Timothy L. Dove - President, CEO & Director
That's correct. Other than some of the Gulf Coast sales are term in nature, they're not really very long term, but they might be for 3 months, for example, something like that or 6 months. The rest of the export sales as it relates to today are all spot sales. And so you have to wire around whatever you have in terms of term contracts. But overall, you're right, our whole objective is we just send it to the highest market.
Operator
(Operator Instructions) We'll now hear from Brian Singer of Goldman Sachs.
Brian Arthur Singer - MD & Senior Equity Research Analyst
Frank, congratulations, again. Tim, you highlighted the return of capital to shareholders over time. At the same time, at least for now, you're talking about using the cash flow from strip prices for greater CapEx, fully recognize the benefits on the rate of return front from enhanced completions, but how do you and the board view the near-term preference for return on capital by redeploying the potentially $300 million from strip prices to the drill bit versus an earlier-than-expected return of capital to shareholders?
Timothy L. Dove - President, CEO & Director
Yes, I think, first of all, I'm very confident when I say the returns on this incremental spending are very, very high in the sense of the 3.0+ wells. The adding of rigs really is a matter of cadence, keeping the RPMs upward and to the right as we execute on the plan. So it's just a matter of exactly what that additional capital entails. 2019, of course, is -- excuse me, 2018, of course, is a year where we're relatively high in terms of derivatives, which have an effectiveness of not getting the full benefit of the high prices. And so had it not been for -- had we not been as hedged as we are today, we'd actually be in that mode today. In 2019, our derivative packages were significantly lower. 2020, we're completely unhedged. And so the numbers actually jump off the page at you when you take that into consideration. And so we have not changed our plan anyway whatsoever. We're trying to get the cash flow generative positions as fast as we can while executing at a higher rate of return on the capital invested. And this really doesn't change anything regarding our long-term objectives in that regard.
Brian Arthur Singer - MD & Senior Equity Research Analyst
And then with regards to the potential to add 3.0+ completions, on one of your slides, Slide 7, you show the well performance, outperformance of the 3.0+ across different areas.
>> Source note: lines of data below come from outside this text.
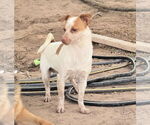 Small #1 Jack Russell Terrier Mix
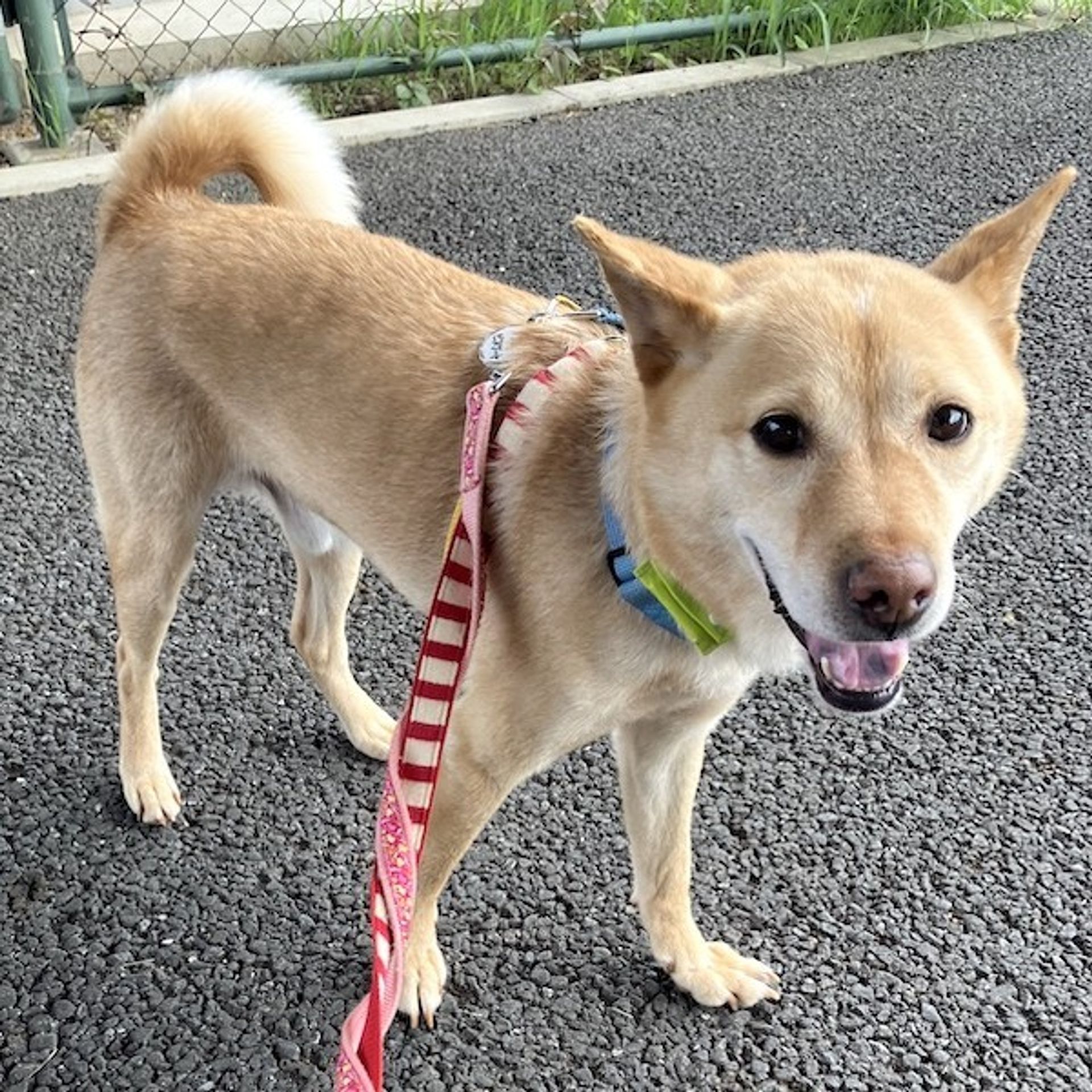 雑種（ミックス犬）・オスの里親募集の写真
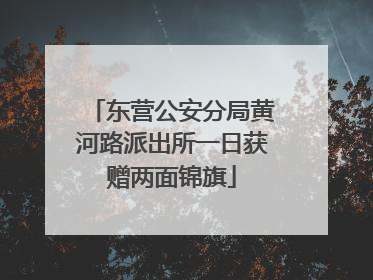 东营公安分局黄河路派出所一日获赠两面锦旗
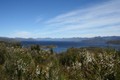 View south to the Frankland range over Lake Pedder.
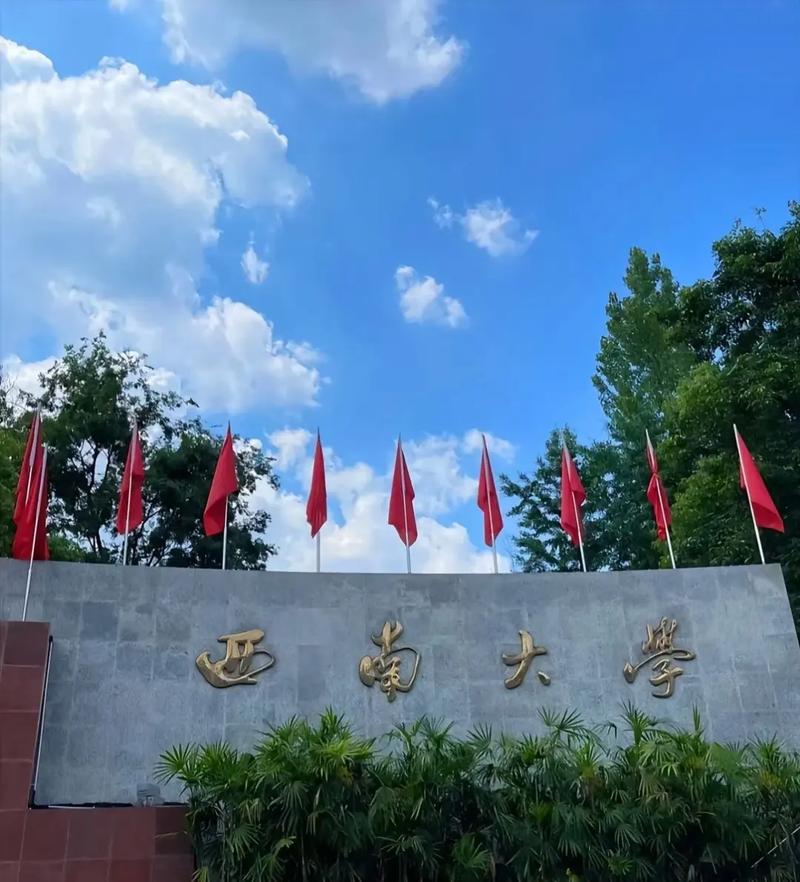 西南大学属于什么学校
Can you add a little bit more color where you would expect to be increasing relative to your initial case the 3.0+, is it disproportionately some areas versus another? And how differentiated should we expect you to be?
Timothy L. Dove - President, CEO & Director
Yes, Brian, what I'll do is I'll let Joey answer that question.
Jerome D. Hall - EVP of Permian Operations
Yes. This is Joey. Whenever we look at our completion recipes across the field, the way you asked the question is exactly the way the result comes out. One size definitely does not fit all, as I've mentioned many times in the past. And I would say as we continue to expand the 3.0+ completions, that applies as well. And so it's going to be across the board in different areas based on what kind of stacking plan we have, what kind of frac barriers we have. So it's going to vary. And I couldn't really characterize it geographically because it just varies so greatly across the field.
Timothy L. Dove - President, CEO & Director
Yes. The only thing to add there is if you look at what we set out in Slide 7, these wells are all over the place where we've shown you the uplifts from 3.0+ wells. I would expect that to continue. They're going to be spread throughout the field.
Operator
Next we'll hear from Bob Morris of Citi.
Robert S Morris - MD and Senior U.S. Oil and Gas Exploration and Production Analyst
Tim, last year, you added 2 rigs to build the DUC inventory (inaudible) Cushing as you move forward. Where does that DUC inventory build stand at this point? And going forward, is that something you just maintain for Cushing going into the future? Or at some point do you plan to draw down that inventory?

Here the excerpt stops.